Probably not, although in my opinion using the word “inevitable” when talking about history is, in itself, a very problematic thing to do. Historical change occurs through myriad contingencies and decisions and strategies and paths taken and not taken. Very little is inevitable, even if it appears that way in hindsight once it’s happened.
My point is simply that the whole battle over the west would have looked very different, and would possibly have had far more players than it did.
If neither of the new American nations had purchased Louisiana from France, for example, how would expansion have worked? Would both simply have begun to spread over French territory? Would one have sided with the French in order to gain an advantage over the other? If the French refused to sell, then the Americans (one or both nations) might have ended up with Louisiana anyway, but it would have been a longer and slower and more conflict-ridden process, which would, in turn, have shaped relationships in the continent as a whole.
What role would Britain have played, not just in the Oregon Territory, but in the more general disputes?

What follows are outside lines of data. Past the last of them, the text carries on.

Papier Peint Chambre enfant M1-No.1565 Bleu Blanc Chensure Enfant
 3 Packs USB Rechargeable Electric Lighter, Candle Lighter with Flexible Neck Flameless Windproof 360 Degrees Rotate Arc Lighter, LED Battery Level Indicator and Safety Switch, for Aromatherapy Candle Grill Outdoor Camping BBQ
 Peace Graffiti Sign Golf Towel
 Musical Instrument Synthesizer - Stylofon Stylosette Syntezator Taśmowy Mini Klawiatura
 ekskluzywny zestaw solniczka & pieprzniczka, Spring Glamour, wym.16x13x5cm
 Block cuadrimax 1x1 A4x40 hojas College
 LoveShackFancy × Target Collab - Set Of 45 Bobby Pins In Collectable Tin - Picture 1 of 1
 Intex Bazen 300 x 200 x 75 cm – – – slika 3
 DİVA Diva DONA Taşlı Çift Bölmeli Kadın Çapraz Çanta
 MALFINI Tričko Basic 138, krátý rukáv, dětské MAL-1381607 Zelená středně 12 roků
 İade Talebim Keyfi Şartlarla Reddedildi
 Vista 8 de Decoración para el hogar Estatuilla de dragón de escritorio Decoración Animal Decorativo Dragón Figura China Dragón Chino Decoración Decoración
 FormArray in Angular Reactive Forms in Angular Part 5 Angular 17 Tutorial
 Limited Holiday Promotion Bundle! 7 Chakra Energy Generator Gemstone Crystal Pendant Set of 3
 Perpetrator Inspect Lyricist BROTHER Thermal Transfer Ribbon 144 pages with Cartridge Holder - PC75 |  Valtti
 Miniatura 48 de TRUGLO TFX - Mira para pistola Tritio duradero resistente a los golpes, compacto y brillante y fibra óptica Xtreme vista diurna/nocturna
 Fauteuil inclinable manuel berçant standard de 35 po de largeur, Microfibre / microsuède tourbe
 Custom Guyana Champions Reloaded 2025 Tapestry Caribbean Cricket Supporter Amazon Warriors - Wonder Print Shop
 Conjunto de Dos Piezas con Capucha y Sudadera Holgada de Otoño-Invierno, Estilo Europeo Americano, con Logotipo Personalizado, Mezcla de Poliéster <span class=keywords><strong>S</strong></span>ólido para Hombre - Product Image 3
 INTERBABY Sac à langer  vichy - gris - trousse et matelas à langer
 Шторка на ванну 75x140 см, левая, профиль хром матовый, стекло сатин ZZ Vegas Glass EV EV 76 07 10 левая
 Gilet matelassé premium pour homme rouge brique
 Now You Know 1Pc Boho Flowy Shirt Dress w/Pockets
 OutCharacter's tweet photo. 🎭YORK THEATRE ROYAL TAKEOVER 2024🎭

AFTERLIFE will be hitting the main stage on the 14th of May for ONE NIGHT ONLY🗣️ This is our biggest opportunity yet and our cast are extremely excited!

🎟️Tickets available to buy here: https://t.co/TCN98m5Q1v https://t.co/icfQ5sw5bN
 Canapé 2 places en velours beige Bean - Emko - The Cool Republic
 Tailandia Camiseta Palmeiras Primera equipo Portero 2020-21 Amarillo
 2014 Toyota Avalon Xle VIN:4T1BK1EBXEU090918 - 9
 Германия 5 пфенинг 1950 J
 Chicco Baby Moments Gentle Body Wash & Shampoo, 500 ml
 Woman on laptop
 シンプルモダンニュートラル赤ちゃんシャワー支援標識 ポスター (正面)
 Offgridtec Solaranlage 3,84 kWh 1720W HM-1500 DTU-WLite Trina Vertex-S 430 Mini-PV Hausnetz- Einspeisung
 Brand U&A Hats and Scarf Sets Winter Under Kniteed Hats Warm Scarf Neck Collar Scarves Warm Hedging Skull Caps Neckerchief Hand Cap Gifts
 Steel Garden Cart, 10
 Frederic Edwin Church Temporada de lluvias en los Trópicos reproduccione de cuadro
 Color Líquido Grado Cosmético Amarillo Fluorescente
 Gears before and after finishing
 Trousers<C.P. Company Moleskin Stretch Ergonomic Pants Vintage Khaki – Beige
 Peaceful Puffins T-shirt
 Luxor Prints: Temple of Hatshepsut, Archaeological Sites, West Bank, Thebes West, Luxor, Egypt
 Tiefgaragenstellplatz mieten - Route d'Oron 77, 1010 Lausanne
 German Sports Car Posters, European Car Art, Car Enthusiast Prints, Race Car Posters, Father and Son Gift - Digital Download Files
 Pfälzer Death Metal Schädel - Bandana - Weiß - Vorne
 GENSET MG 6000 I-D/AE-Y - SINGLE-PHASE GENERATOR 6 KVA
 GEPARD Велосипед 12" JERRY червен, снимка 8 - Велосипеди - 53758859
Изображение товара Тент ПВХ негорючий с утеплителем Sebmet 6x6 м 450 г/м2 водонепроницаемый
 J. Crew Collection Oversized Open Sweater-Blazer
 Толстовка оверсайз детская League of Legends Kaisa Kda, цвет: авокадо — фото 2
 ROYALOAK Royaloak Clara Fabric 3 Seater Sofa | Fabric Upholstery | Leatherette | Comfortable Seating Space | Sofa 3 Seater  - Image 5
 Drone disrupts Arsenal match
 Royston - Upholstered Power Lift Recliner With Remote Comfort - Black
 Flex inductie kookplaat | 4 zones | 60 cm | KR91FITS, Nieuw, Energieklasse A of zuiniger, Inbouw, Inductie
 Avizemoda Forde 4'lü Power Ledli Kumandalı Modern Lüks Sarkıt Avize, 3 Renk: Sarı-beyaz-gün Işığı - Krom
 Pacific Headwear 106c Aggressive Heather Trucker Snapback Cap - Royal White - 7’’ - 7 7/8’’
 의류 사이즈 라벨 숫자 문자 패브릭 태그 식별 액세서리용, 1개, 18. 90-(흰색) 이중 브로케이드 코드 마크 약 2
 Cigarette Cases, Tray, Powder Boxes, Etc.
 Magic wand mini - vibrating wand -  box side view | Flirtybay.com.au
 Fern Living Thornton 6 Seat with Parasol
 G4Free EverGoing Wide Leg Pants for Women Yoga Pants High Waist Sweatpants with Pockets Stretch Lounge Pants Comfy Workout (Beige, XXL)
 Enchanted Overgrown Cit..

They didn’t actually try to keep them out. Empresarios like Austin were actually invited in, given land, and authorized to bring settlers, partly in an attempt to act as a sort of buffer against unchecked American immigration. The battle over Texas occurred not because Americans came in uninvited, but because the Americans who were invited in refused to comply with the conditions and expectations of the Mexican government. They refused to convert to Catholicism, they didn’t learn Spanish, many of them held Mexicans in contempt, and they brought slaves while, in some cases, presenting bogus indenture contracts in order to claim that they weren’t slaves at all.
Again, that’s entirely possible. I have not made the argument that what happened was the worst possible outcome. I’m not even arguing in terms of “worst” or “better” or “best” here, because i think that’s also a rather problematic way to try to understand and evaluate historical change. Worst for whom? Better for whom? Best for whom?